Et le Mastar poursuit sur sa lancée.

— Je me mets en batterie. Une séance de roi, parole ! La dame du bazar, elle devait débuter dans le boulot et elle grimpait au fade comme une petite reine. Dedieu de merde ! Ce barouf ! « Ta gueule, je lui implorais en me l’expédiant par petite vitesse, tu vas réveiller ton vieux ! » Parle à mon cul ! c’était le moment de le dire. Elle continuait de trémousser et de geindre, de lancer des petites gueulées de chienne enfermée. Je savais plus quoi fiche. Qu’à la finie m’est venue une idée : j’ai lancé une ruade au chiare. Il a dégusté ma godasse dans les gencives et s’est foutu à hurler pire que sa Baronne. De ce côté, au moins j’étais paré. Pas pour longtemps. « Glinnnn-glan » fait la sonnette du magasin. Je mate à travers la porte vitrée. J’avise une gamine. Elle se met à attendre en regardant les rayons. Moi j’active un peu, pas trop, vu qu’y a rien de plus tristounet que de se déblayer le surplus en vitesse quand on tombe sur une championne. La bazardière poursuivait ses pâmeries. La table craquait. Le gosse hurlait. « Rejoins ta base, Mec ! je m’exhortais, sinon tu vas au grabuge ! » C’te conne aurait pu ôter son bec-de-canne avant de se respirer le mien ! La fillette, au bout d’un instant, le bruit l’alerte, elle vient toquer à la vitre ! Elle ouvre, nous découvre et reste coite ! Je la revois encore : une grande gosse pâlichonne avec deux tresses.

— Qu’est-ce tu veux, quoi, merde ? je l’interpelle.

— Une gomme ! elle balbutie. Mais qu’est-ce y a, madame Ménichons est malade ?

— Mais non : je l’aide juste à pousser sa table, va l’attendre dans le magasin, tu gênes !

Elle nous regarde encore, elle écoute bramer ma bonne femme, et puis, à regret, retourne dans la boutique. Pour le coup je me presse de terminer. Le galop final ! Le stiple haie ! À dada ! Tayau au, tayau ! Oh ! la belle bleue ! Merci maman. Et v’là le travail ! J’aide la môme à se redresser. Je lui pousse la galanterie jusqu’à ramasser sa blouse.

— Mon Dieu ! elle dit, quelle histoire !

Et vite passe au magasin vendre une gomme à la petite conne.

Moi, pour le coup, je me dis « Béru, perds pas de vue tes grands principes d’hygiène. Faut t’ablutionner d’urgence pour le cas où cette grand-mère serait légèrement contaminée de l’estuaire. » D’autant que je vais vous dire : elle avait des boutons sur le ventre qui me disaient rien qui vaille ! J’avise le lait tout chaud du gueulard. J’empoigne la casserole et me fourbis le trombone à coulisse consciencieusement. C’est juste à la fin de ma toilette que l’incident s’est produit. Qu’est-ce qui m’a alerté ? Un craquement, je pense. Toujours est-il que je tourne la tête et j’aperçois la porte menant à la chambre du dessus grande ouverte. Y avait un gazier dans l’encadrement. Un naveton pas rasé, en limouille de nuit, l’air féroce, les pieds nus, pas propres. Il se grattait les miches en me défrimant comme un sauvage.

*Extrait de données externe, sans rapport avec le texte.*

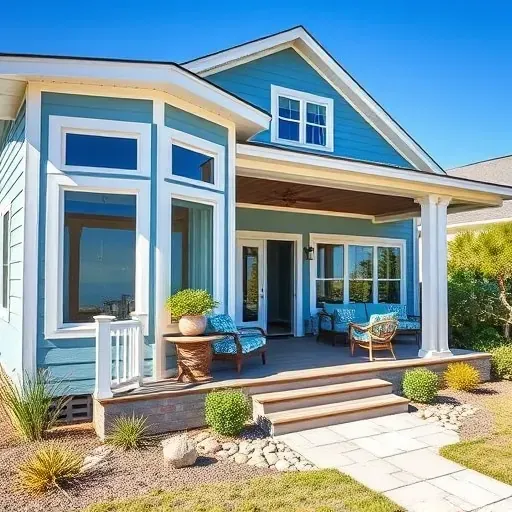 Completed home remodeling project in Oak Island NC with soft blue siding, white trim, large windows, and lush landscaping.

— Non, mais dites donc ! il balbutie ! Non, mais dites donc…

Il trouvait rien d’autre à dire. « Non, mais dites donc… ». Moi, j’ai le contrôle du self chevillé. En père turbabe je remise coquette dans ses appartements. Je me boutonne. Et puis je m’approche du julot. Il avait les yeux interjectés de sang ! Ça été rapide comme la foudre. Un coup de boule dans le portrait. Plouf ! J’ai entendu péter ses cartilages et le reste. Il se serait écroulé dans l’escadrin si je l’aurais pas retenu. Compatissament, je l’ai allongé sur les marches. J’ai refermé juste comme ma petite gredine revenait de la boutique.

— Ouf, elle a soupiré, cette gosse est à moitié crétine, j’espère qu’aura pas de conséquences.

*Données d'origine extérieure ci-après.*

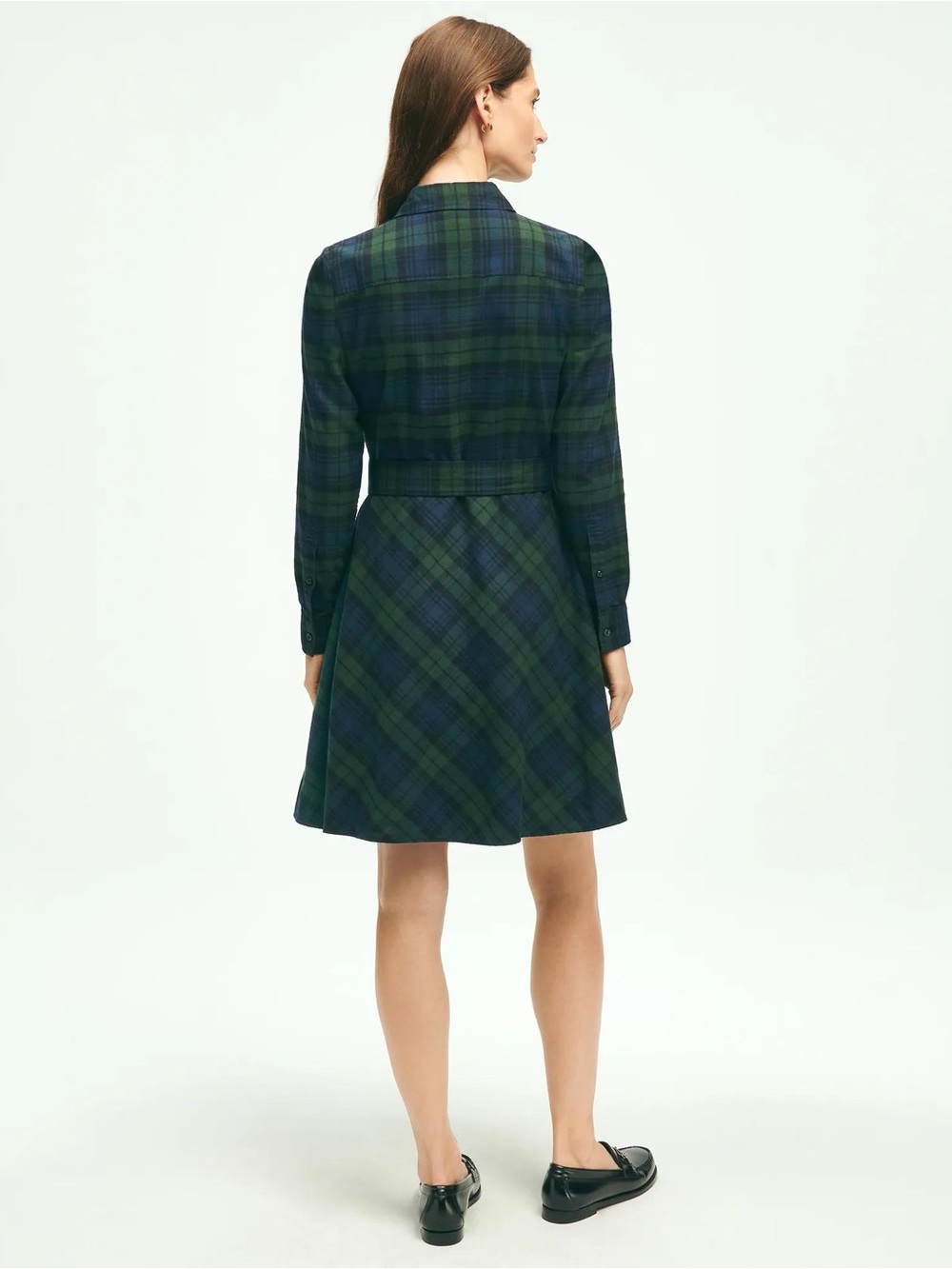 Brooks Brothers Brushed Cotton Flannel A Line Shirt Dress Navy Green Plaid 4 - Picture 2 of 6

— Quelles conséquences voudrais-tu qu’il y aurait, mon petit cœur ? j’ai dit en lui refilant ses cinq pions sur la table.

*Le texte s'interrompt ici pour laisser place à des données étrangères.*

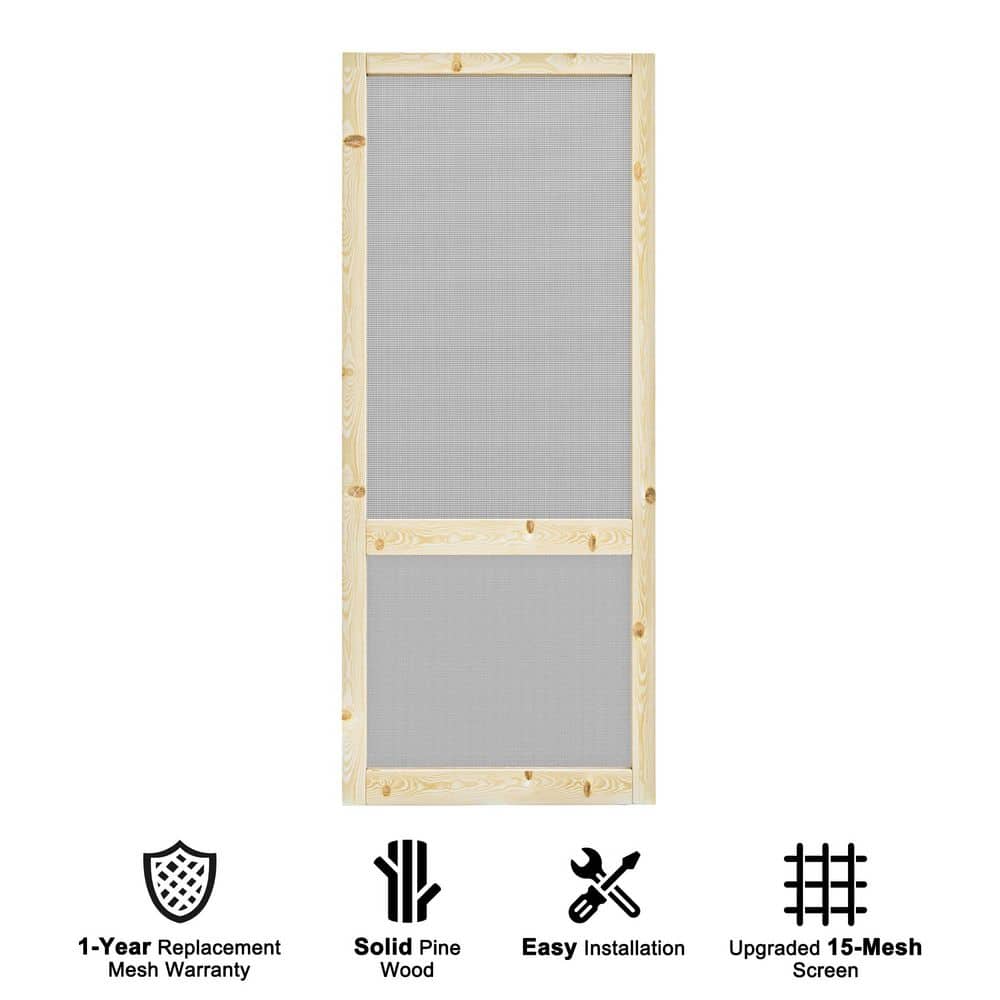 32 in. x 80 in. Universal Unfinished Solid Pine Wood Farmhouse 2 Bar Hinged Screen Door with Gauze Mesh for Courtyard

Elle commençait à préparer le biberon de son petit voyou. Je m’ai esbigné avant qu’elle découvrisse le méchant bleu que le lardon avait à la joue. Et aussi, avant que le croquemitaine de l’escalier sorte du coton.

J’étais triste à l’idée que je pourrais plus revenir, vu les circonstances. Je suis sûr qu’on aurait eu encore des tas de choses à se dire et à se faire, elle et moi. Par moments, franchement, la vie est bête !

* * *

Ces confidences béruréennes nous ont permis de parcourir une belle distance sur une route rectiligne lubrifiée par les embruns (à dix pour cent) de la Baltique.